* **AIM OF THE EXERCISE**: Reproduce word for word every line from the one containing "Nalo Smoked Rosemary Almonds" through the end of the listing below; omit the pictures.

Start of INFORMATION SHOWN

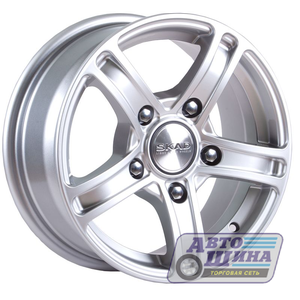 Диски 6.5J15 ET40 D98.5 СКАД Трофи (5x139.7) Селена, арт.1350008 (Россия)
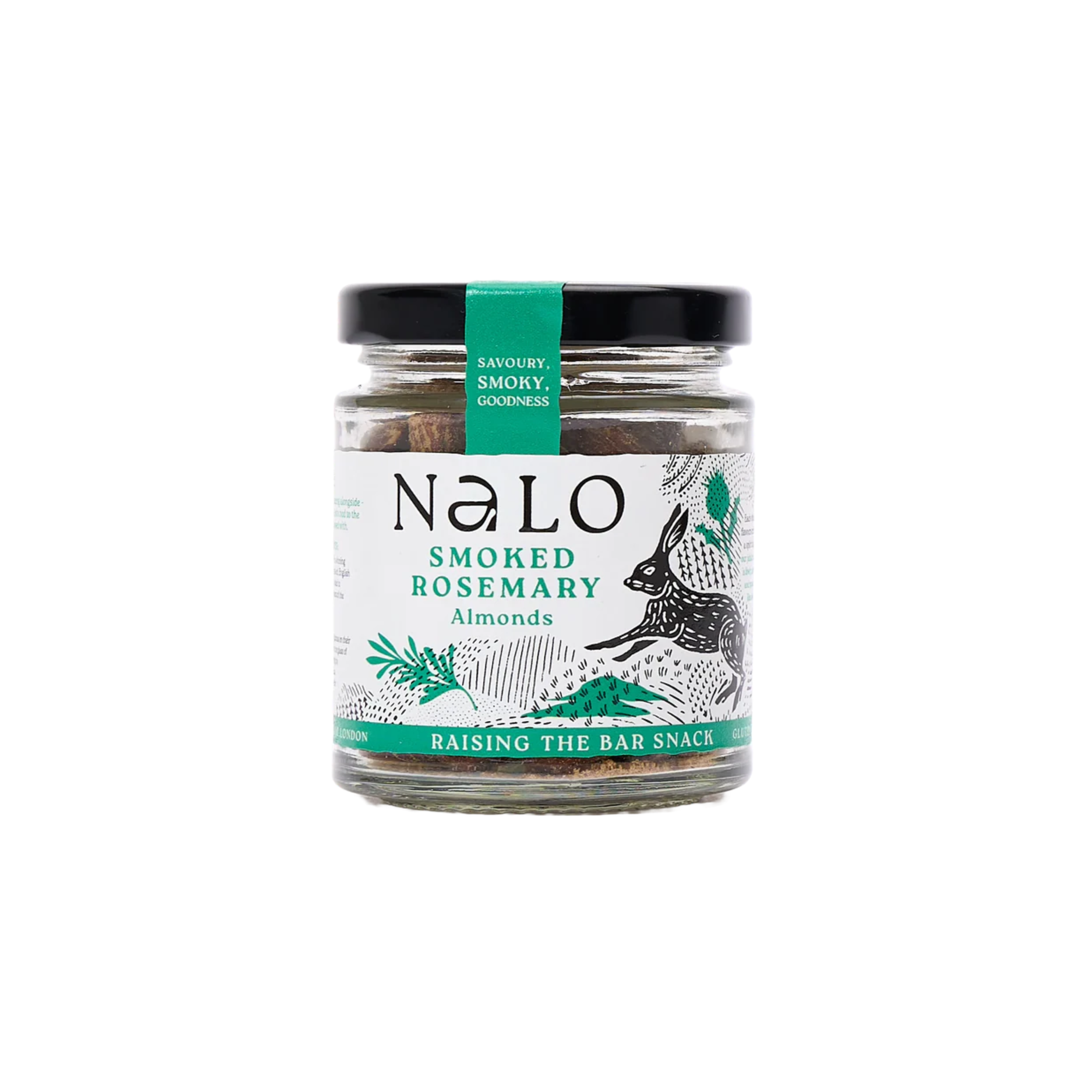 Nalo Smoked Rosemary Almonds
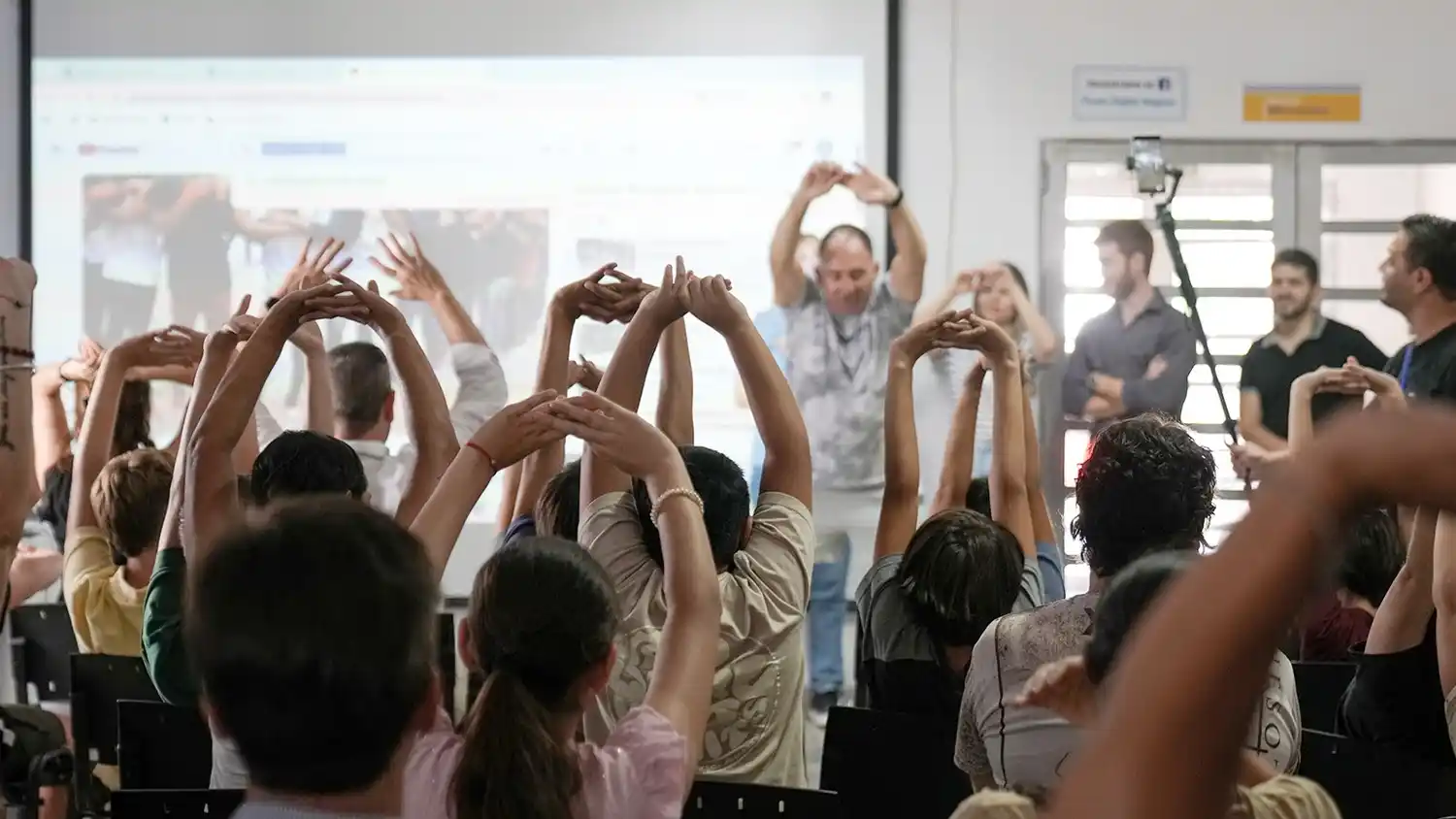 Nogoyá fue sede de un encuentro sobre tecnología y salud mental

End of INFORMATION SHOWN

* **SOLUTION FOR THIS EXERCISE**:
 Nalo Smoked Rosemary Almonds
 Nogoyá fue sede de un encuentro sobre tecnología y salud mental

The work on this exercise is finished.